The review, Trusted To Care, on the Princess of Wales hospital in Bridgend and Neath Port Talbot hospital, found a catalogue of concerns including patients going without water, food and medicines, or being inadequately washed. Other patients urinated in beds as nurses did not have time to take them to the toilet. The report, published last month, was described as shocking by Welsh health minister, Mark Drakeford, but Ms Andrews said it should not have been, as politicians should know malpractice takes place, because of budget and staff pressures.
She claims problems are systemic and scapegoating staff when problems emerge is unhelpful. "The Scottish Government already knows that there are some problems in hospitals But it is not generally known what the scale of the problem is," she said. "We need a more open discussion about the fact that a hospital is not a safe place."
In many cases, a patient who has been receiving care services at home may have been getting better care than they would get in a hospital, she added.

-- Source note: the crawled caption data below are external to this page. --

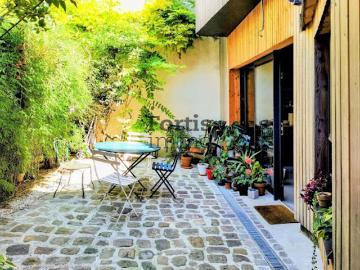 Père-Lachaise, Seine-Saint-Denis, Île-de-France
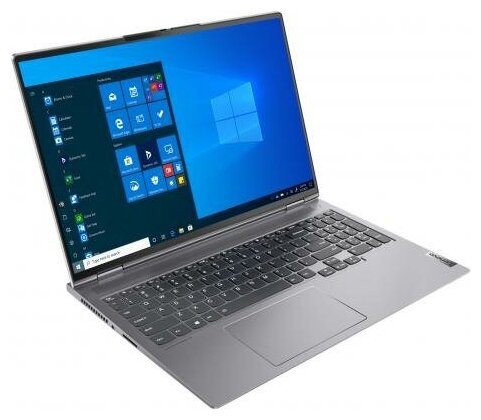 Ноутбук Lenovo ThinkBook 16p G2 ACH 20YM001VRU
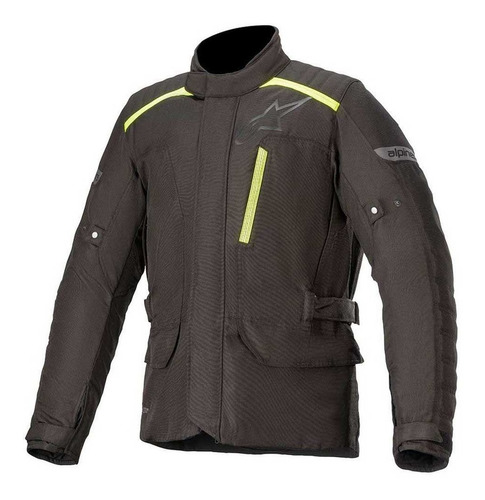 Campera Alpinestars Gravity Drystar Protecciones Avant Motos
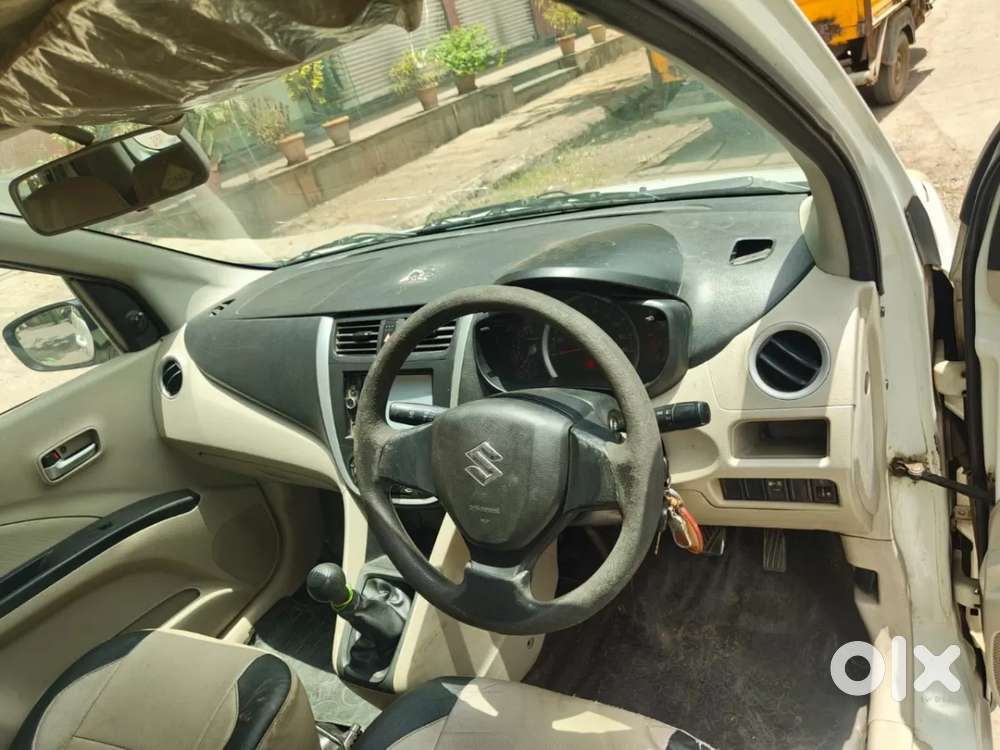 Maruti Suzuki Celerio Cng Vxi Optional, 2017, Cng & Hybrids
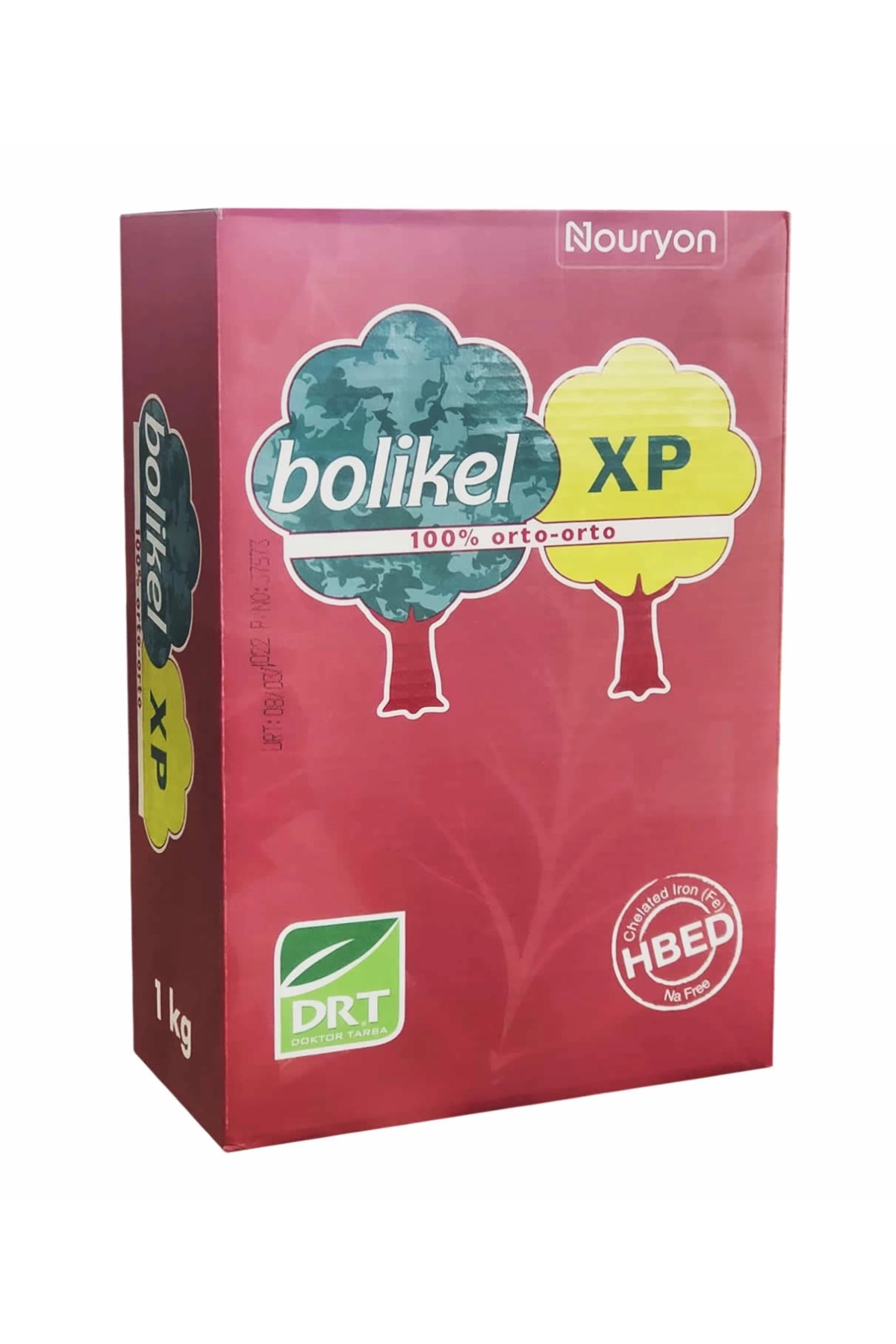 Dr Tarsa Bolikel Xp Fe-hbed Demir Şelatı 1kg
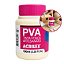 Tinta Fosca p/ Artes PVA 100ml Marfim - Acrilex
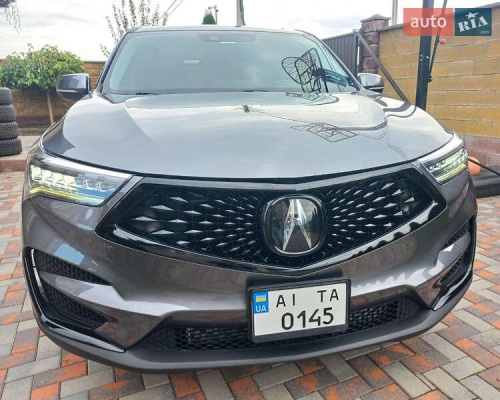 Acura RDX 2021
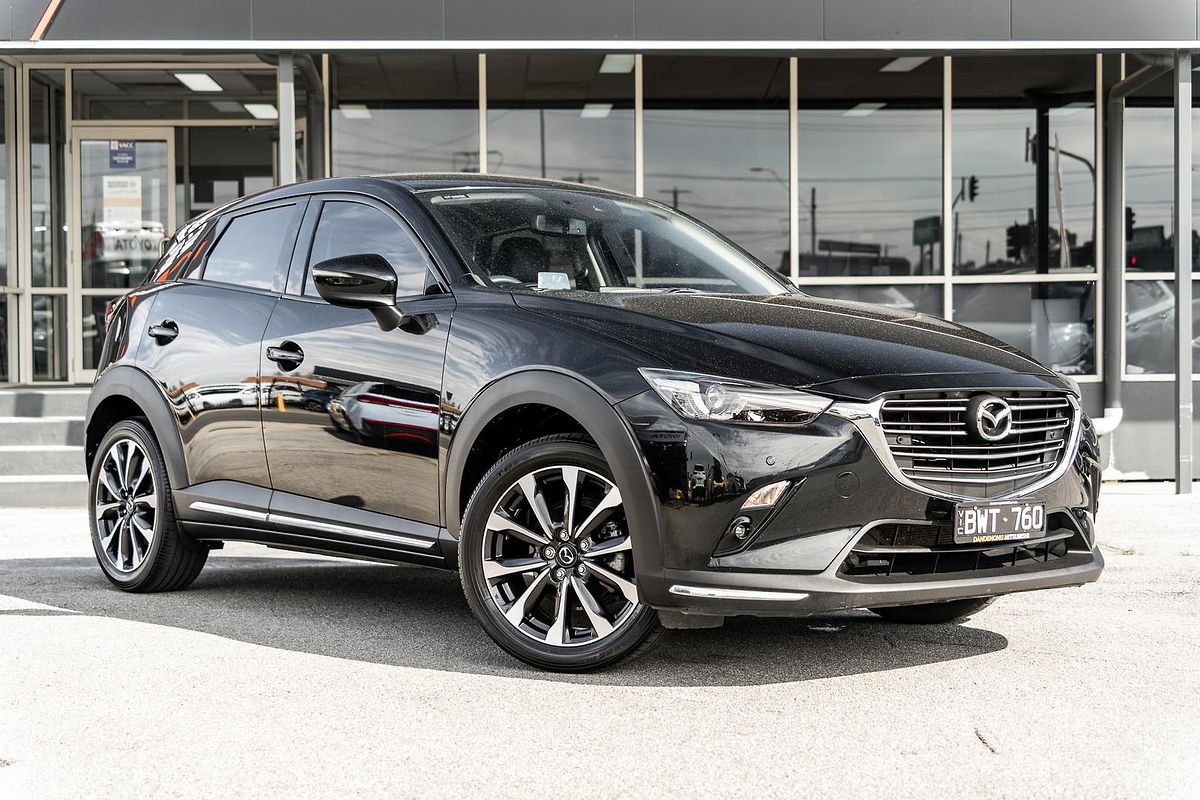 2020 Mazda CX-3 sTouring DK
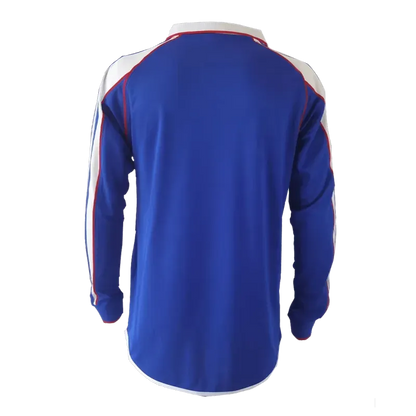 Japan 2000 Retro Home Long Sleeve Jersey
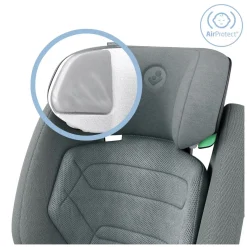 Tout Pour Vos Trajets|Sièges Auto Isofix*Maxi-Cosi Siège auto RodiFix Pro² i-size de Authentic Graphite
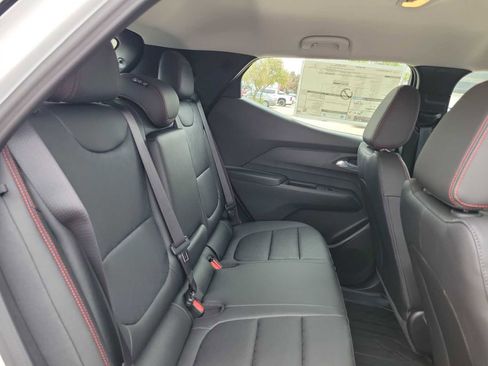 New 2027 Chevrolet Bolt RS FWD image 17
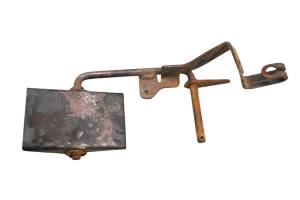 Polaris - 99 Polaris Ranger 500 6x6 Throttle Pedal - Image 2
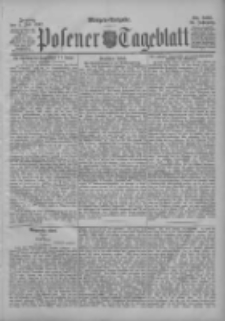 Posener Tageblatt 1897.07.02 Jg.36 Nr302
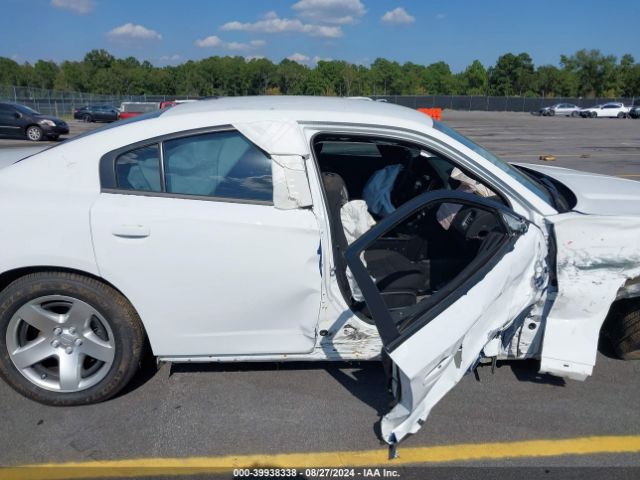 2C3CDXAT5PH535046 Dodge Charger Police Rwd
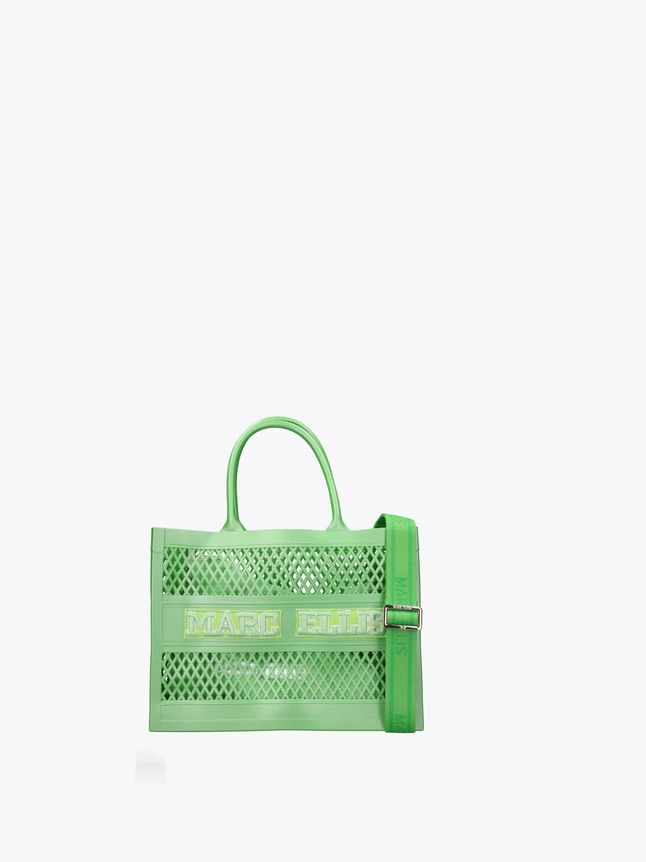 Vegan Leather Classic Handbag For Women - Refined Design With Polished Shape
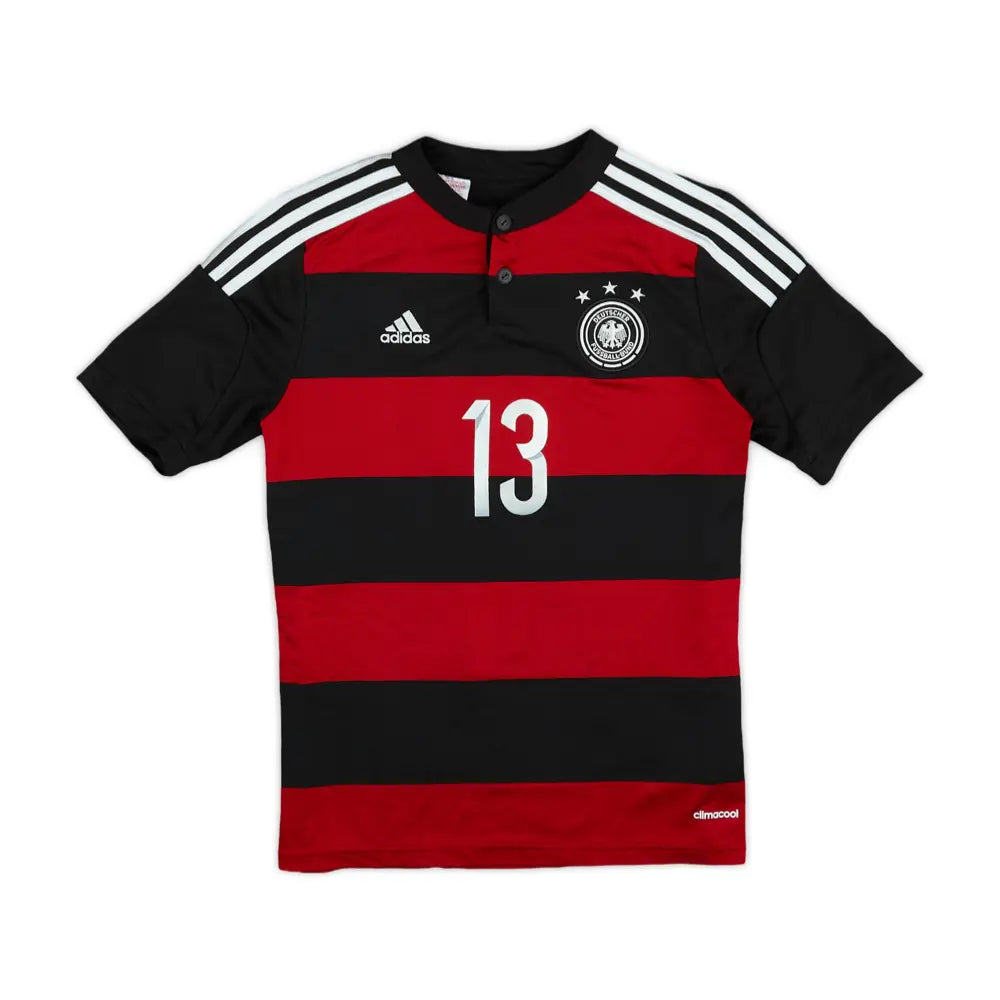2014 Deutschland Auswärtstrikot
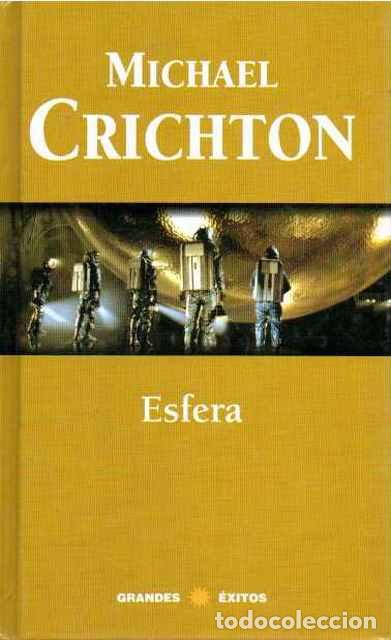 Libros de segunda mano: Esfera - Crichton, Michael - Foto 1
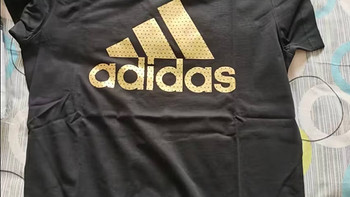 adidas阿迪达斯官网男装夏季运动健身短袖T恤CV4507 A2XL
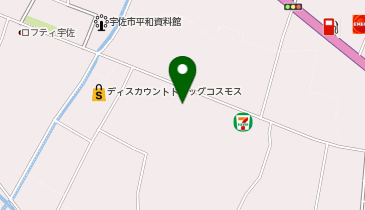 [EV]安倍氣療院の地図画像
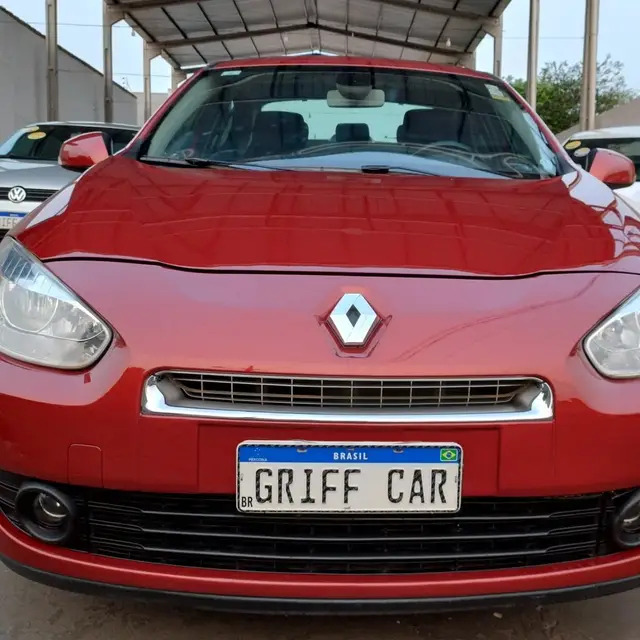 Carro Renault Fluence 2014 2.0 16V GT Line X-Tronic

The public know the crisis in public finances means budgets are tight and there are not enough medical staff, Ms Andrews added. "The logical conclusion would be that people ought to anticipate certain unpleasant and bad things will sometimes if not frequently happen.
"If we admit that we could start to work with the public to improve hospitals. We could ask them what are you going to do about it? For instance families could employ carers to go in to hospital, or volunteer to go in and help with feeding."
Debating the limitations of hospitals is a thankless task for politicians as they know they would lose votes, while NHS staff and managers face career consequences if they raise them, she argues.
She said: "The solution is honesty. Take a deep breath and tell people what is wrong with hospitals and involve them in the solutions."
Professor Jason Leitch, Clinical Director of the Scottish Government's Quality Unit, said: "I do not believe these comments reflect the reality of the NHS, where hard-working staff strive daily to deliver safe and effective care.
"We noted the findings of the Mental Welfare Commission's report on care for dementia patients last month and, as the Health Secretary said, we are committed to implementing the recommendations of this report.
"We are working closely with Alzheimer Scotland to shape our care for those with dementia. This is being supported by an additional £500,000 investment in education and training for front-line staff."
More than 600 dementia "champions" are due to work in hospitals and social care settings in the next two years thanks to increased funding.